Die Seitenwände werden von mehreren, teilweise auch aus der Vorgängerkirche kommenden, Plastiken geschmückt. Die früheren Plastiken und die moderneren Gestaltungen in Bronze stellen mit dem freistehenden Kruzifix und dem Tabernakel eine kostbare Bereicherung des schlichten Gotteshauses dar.

Der Taufbrunnen bezieht sich auf das letzte Buch der Bibel und zeigt am Wasser einen der Bäume des Lebens. "Zwölfmal tragen sie Früchte ... und die Blätter ... dienen zur Heilung der Völker ..." (Apk 22,2f).


Der Kirchturm

Der Kirchturm steht auf romanischen Fundamenten. Ob auch romanische Substanz im aufgehenden Mauerwerk vorhanden ist, wurde noch nicht abschließend untersucht.

Erwähnenswert ist im Turm die gusseiserne Gedenktafel von 1765 mit lateinischem Text, die ein Zeugnis der damaligen Eisengießerkunst des Siegerlandes darstellt sowie das über der Kirchentür an der Außenwand befindliche Sandsteinrelief von Wolfgang Kreutter aus dem Jahre 1953 mit der Szene der Taufe Jesu im Jordan durch Johannes den Täufer.

Das Glockengeschoss bildet ein Quadrat von ca. 4,7 m Seitenlänge bei einer Mauerstärke von immer noch 1,15 m.
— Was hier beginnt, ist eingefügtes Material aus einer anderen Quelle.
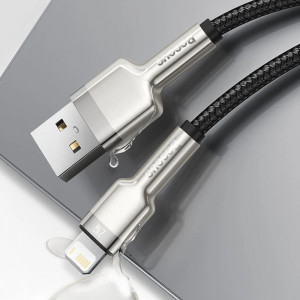 Cablu de Date USB la Lightning 2.4A, 2m - Baseus Cafule (CALJK-B01) - Black - Img 2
Der Turm verfügt auf jeder Seite über gewölbte Schallöffnungen mit einer Höhe von 1,80 m sowie einer Breite von 0,70 m mit Rundbogenabschluss.


Die Glockenanlage

Das Läutewerk wird simultan genutzt und enthält drei Glocken. Die älteste aus dem Jahre 1512 stammende Glocke ist die Marienglocke. Sie hat ein Gewicht von ca. 300 kg. Die zweite Glocke ist dem heiligen Martin geweiht und stammt aus dem Jahre 1924. Diese Glocke hat ein Gewicht von ca. 500 kg. Die schwerste der drei Glocken mit einem Gewicht von 723 kg stammt aus dem Jahre 1959. Diese Glocke trägt keinen eigenen Namen, ist aber mit einem Vers des Obersdorfer Dichters Wilhelm Schmidt verziert.


Allgemeines

In der Pfarrkirche Rödgen verkörpert sich somit ein wichtiger Abschnitt Siegerländer Geschichte.
Der Konflikt mit dem katholischen Verständnis wurde durch den Bau eines eigenen Gotteshauses gelöst. Diese Art der Lösung zeugt von der Vernunft und Kompromissbereitschaft der Menschen damals und wird auch heute noch als Beispiel für ein sinnvolles Miteinander der Konfessionen gesehen.